Justice Alito pressed on. Does a minority applicant whose parents are successful lawyers and are in the “top 1 percent of earners in the country” deserve an admissions preference over white and Asian applicants from families of more modest means? Gare’s eventual response, “we want minorities from different backgrounds,” spurred Justice Kennedy to comment, “So what you’re saying is that what counts is race above all.” Justice Kennedy continued, “The reason you’re reaching for the privileged is so that members of that race who are privileged can be representative, and that’s race.”
Because Justice Kennedy is the likely swing vote on the court, these comments made it into news accounts in The New York Times, The Washington Post and other major outlets.

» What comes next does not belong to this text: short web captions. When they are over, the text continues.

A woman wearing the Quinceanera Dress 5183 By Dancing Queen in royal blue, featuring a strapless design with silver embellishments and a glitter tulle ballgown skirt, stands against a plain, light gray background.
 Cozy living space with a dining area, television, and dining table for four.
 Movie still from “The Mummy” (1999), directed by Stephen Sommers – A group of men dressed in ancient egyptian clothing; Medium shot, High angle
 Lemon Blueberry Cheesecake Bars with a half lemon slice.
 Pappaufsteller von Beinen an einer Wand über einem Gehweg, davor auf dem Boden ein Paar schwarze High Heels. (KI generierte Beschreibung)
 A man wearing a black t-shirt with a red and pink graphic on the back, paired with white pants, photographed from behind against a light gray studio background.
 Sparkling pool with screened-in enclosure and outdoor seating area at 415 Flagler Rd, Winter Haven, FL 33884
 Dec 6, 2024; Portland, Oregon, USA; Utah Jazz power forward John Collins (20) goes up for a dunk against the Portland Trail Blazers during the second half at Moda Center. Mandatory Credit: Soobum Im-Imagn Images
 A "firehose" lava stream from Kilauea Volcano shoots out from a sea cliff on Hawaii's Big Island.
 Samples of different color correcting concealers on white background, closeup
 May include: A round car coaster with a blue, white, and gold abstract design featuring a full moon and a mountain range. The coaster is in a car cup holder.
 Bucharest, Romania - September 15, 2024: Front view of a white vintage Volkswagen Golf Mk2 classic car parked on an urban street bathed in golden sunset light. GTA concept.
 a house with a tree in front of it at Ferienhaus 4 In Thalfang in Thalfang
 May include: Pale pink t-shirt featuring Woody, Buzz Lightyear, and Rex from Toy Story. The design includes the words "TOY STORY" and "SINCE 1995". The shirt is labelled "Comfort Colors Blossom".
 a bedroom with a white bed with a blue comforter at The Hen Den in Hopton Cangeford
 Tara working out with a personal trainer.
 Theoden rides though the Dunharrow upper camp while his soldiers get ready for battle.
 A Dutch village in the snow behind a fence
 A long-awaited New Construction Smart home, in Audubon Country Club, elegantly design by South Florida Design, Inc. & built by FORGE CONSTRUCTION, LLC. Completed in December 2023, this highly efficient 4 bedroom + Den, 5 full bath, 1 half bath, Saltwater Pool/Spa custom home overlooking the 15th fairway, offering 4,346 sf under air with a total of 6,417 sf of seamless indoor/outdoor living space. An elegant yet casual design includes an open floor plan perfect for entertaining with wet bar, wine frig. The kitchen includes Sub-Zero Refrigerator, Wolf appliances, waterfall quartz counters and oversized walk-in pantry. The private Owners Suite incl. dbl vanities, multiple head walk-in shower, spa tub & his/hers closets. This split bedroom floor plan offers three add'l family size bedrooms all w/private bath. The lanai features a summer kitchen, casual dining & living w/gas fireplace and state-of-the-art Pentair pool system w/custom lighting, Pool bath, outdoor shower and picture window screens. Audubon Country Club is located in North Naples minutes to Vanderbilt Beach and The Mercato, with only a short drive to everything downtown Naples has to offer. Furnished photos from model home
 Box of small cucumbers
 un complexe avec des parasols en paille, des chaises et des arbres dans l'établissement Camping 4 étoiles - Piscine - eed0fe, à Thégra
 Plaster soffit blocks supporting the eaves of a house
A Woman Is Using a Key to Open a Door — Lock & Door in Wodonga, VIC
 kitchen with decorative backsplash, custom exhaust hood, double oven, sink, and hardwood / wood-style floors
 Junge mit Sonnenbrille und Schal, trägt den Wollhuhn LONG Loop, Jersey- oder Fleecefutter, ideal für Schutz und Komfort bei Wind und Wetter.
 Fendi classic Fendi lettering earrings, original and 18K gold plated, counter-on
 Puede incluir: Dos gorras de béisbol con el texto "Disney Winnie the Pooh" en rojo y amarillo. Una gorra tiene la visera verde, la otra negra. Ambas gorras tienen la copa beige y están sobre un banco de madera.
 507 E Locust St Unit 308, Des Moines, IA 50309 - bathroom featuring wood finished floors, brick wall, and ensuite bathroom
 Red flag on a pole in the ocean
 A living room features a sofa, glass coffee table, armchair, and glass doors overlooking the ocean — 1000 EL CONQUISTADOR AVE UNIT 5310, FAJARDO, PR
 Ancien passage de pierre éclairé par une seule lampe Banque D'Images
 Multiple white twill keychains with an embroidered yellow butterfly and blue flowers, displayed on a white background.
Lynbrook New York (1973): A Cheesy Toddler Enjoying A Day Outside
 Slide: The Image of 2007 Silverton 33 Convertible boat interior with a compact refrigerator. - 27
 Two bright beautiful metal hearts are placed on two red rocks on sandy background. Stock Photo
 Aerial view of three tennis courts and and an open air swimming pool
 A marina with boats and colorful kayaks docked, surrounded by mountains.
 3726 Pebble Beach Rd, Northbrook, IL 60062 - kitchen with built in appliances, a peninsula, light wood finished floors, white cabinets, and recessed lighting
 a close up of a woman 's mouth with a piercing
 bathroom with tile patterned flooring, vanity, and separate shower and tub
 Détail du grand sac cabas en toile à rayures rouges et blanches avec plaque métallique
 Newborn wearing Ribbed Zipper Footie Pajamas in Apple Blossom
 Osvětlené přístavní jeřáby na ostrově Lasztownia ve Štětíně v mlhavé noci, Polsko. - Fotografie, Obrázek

But the background issue that prompted the discussion—does the wealthy child of a black or Hispanic lawyer deserve a preference over the white or Asian student from an average economic background—crystallizes America’s unease with affirmative action, and also points to a new, better way to admit students should the Supreme Court curtail the use of race.
As I outlined in a recent Chronicle article and a Century Foundation report, in 10 leading universities where race has been dropped from admissions, almost all have adopted socioeconomic affirmative-action programs for students of every race, and seven have met or exceeded the proportion of students who are African-American and Latino compared with prior race-based programs. The new groups of minority students, who are more likely to be working class, represent the very best of affirmative action: strivers who have overcome odds and may have greater potential than the advantaged students of any race who now predominate at selective institutions.
Some might question the sincerity of Justice Alito’s concern for low-income families, given that in other contexts (e.g. campaign finance), he sided with wealthy and powerful institutions. And the Supreme Court cannot compel universities to support class-based affirmative-action programs. But by curtailing the ability of universities to use race—an outcome that seems even more likely after Wednesday’s oral argument—the Supreme Court could create the conditions under which universities will use socioeconomic preferences, however grudgingly, to create the racial and ethnic diversity that higher education rightly prizes. And if low-income and working-class students of all races get a chance to go to selective colleges and join this nation’s leadership class, we will be a better and stronger country.